- TASK DETAILS: Could you retype, exactly and with no pictures, only the lines from the first line of the records below through the line that contains "Retro Heartbeat Roboterarm"?

[Web page caption snippets]
▼
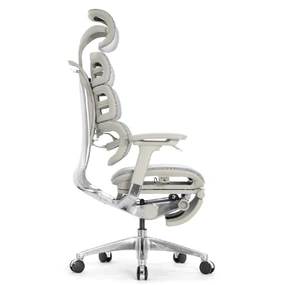 Эргономичное кресло Falto Evolution с подножкой (тихие вставки, управление на подлокотниках, сетка, серый)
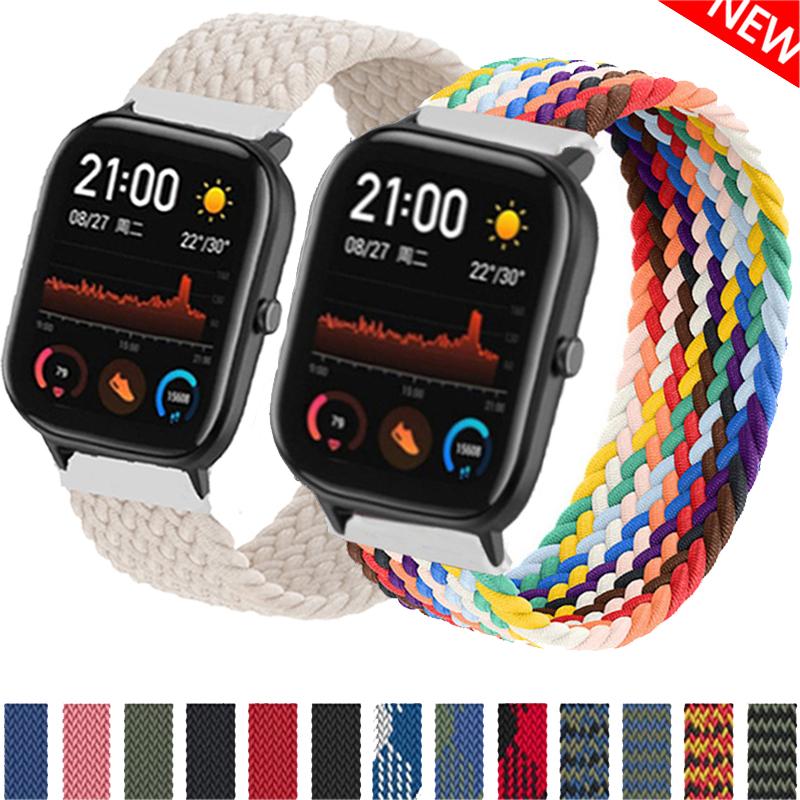 20 мм 22 мм ремешки для часов для Amazfit GTS/4/3/2/2e/GTS2 Mini/GTR 4/3 pro/GTR2/2e/2 Плетеный solo loop Браслет Amazfit bip 6 5 ремешок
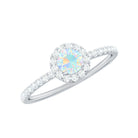 3/4 CT Ethiopian Opal and Diamond Minimal Engagement Ring Ethiopian Opal - ( AAA ) - Quality - Rosec Jewels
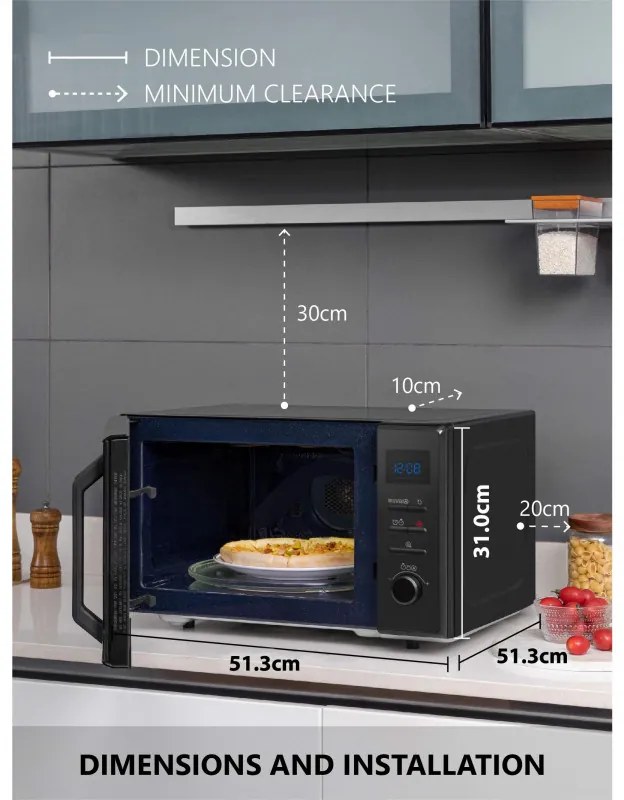 Микровълнова фурна 4в1 Toshiba MW2-AC25TWH, 25 л, 950W, Grill 1100W, Конвекция 2100W, Керамично покритие, Бял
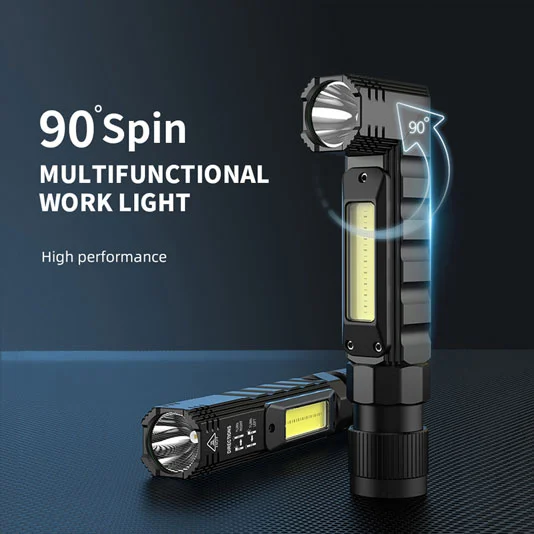 SUPERFIRE G19 Lumière de travail rechargeable multifonctionnelle COB avec base magnétique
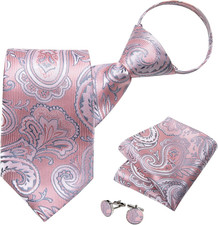 Silk Zipper Ties for Men,Paisley Solid Plaid Pre-tied Tie and Pocket Square Cuff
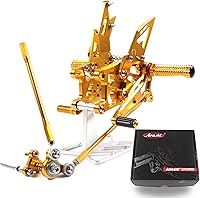 Vista 25 de Arashi (Versión 2.0) Estribos traseros ajustables para Honda CBR1000RR 2004-2007 / CBR600RR 2003-2005 2006 Accesorios para motocicleta Piezas de Oro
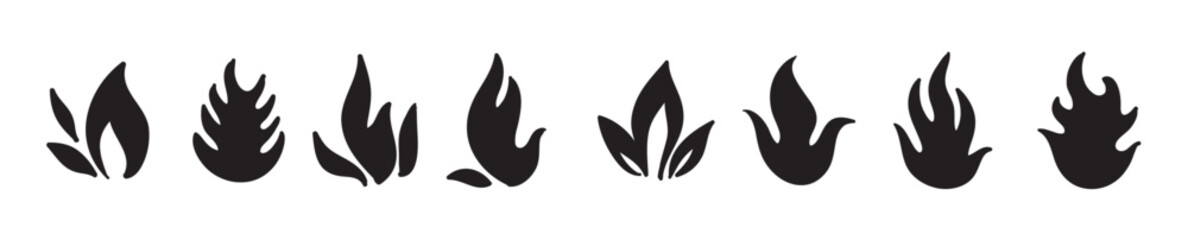 Collection of hand drawn fire icons. Fire Flames Icons Vector Set. Hand Drawn Doodle Sketch Fire, Black and White Drawing. Simple fire symbol.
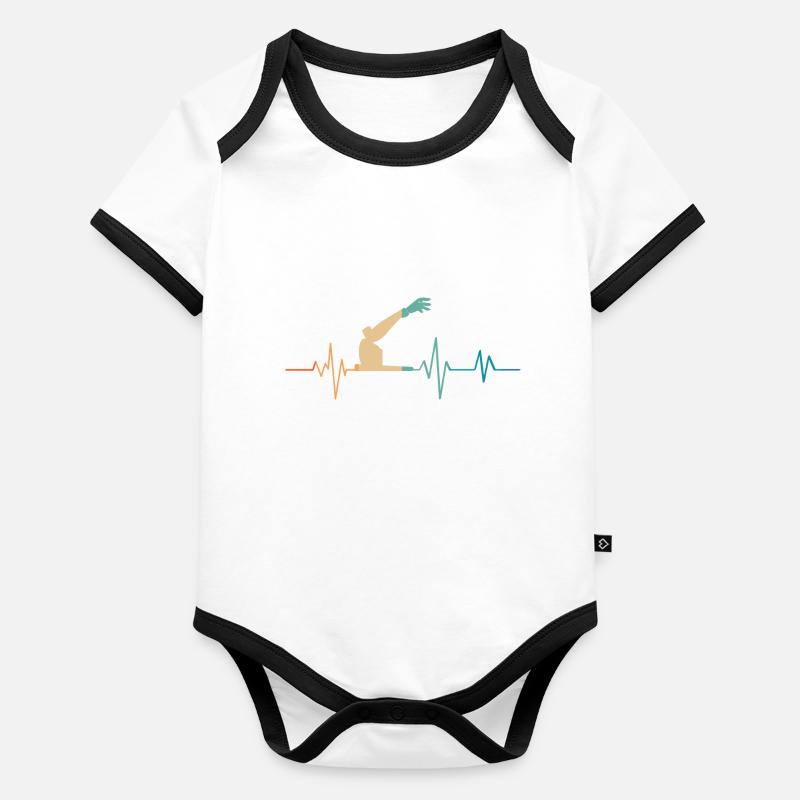 Retro Heartbeat Roboterarm Baby Bio-Kurzarm-Kontrastbody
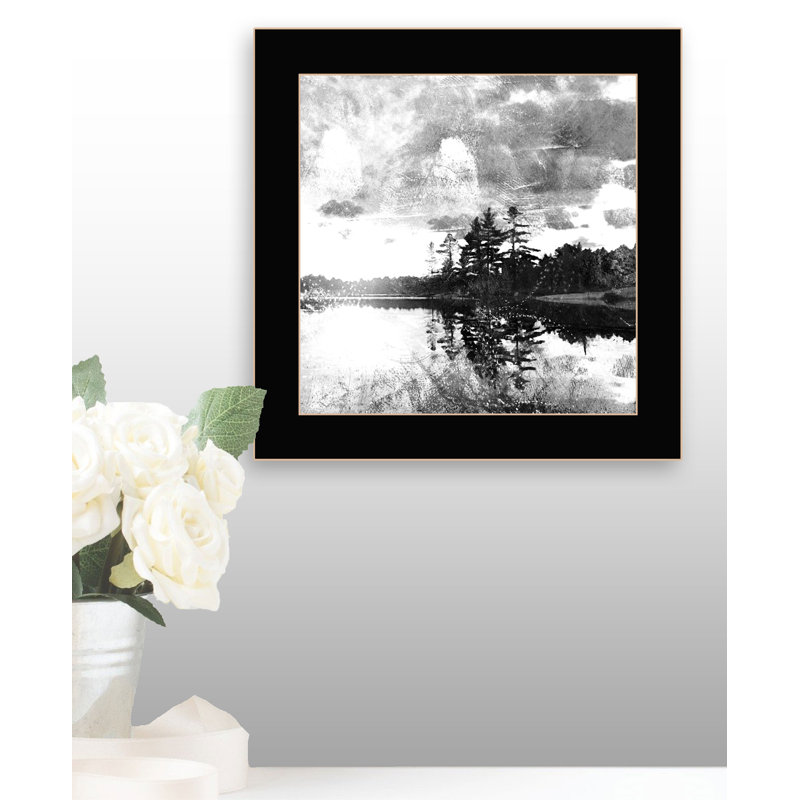 «Lakeside Pines», art mural encadré pour le salon, décoration murale par Bluebird Barn, Cadre noir, L 14 po x H 14 po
▲
- ANSWER FOR THIS EXERCISE:
 Эргономичное кресло Falto Evolution с подножкой (тихие вставки, управление на подлокотниках, сетка, серый)
 20 мм 22 мм ремешки для часов для Amazfit GTS/4/3/2/2e/GTS2 Mini/GTR 4/3 pro/GTR2/2e/2 Плетеный solo loop Браслет Amazfit bip 6 5 ремешок
 3/4 CT Ethiopian Opal and Diamond Minimal Engagement Ring Ethiopian Opal - ( AAA ) - Quality - Rosec Jewels
 Микровълнова фурна 4в1 Toshiba MW2-AC25TWH, 25 л, 950W, Grill 1100W, Конвекция 2100W, Керамично покритие, Бял
 SUPERFIRE G19 Lumière de travail rechargeable multifonctionnelle COB avec base magnétique
 Silk Zipper Ties for Men,Paisley Solid Plaid Pre-tied Tie and Pocket Square Cuff
 Vista 25 de Arashi (Versión 2.0) Estribos traseros ajustables para Honda CBR1000RR 2004-2007 / CBR600RR 2003-2005 2006 Accesorios para motocicleta Piezas de Oro
 Collection of hand drawn fire icons. Fire Flames Icons Vector Set. Hand Drawn Doodle Sketch Fire, Black and White Drawing. Simple fire symbol.
 Retro Heartbeat Roboterarm Baby Bio-Kurzarm-Kontrastbody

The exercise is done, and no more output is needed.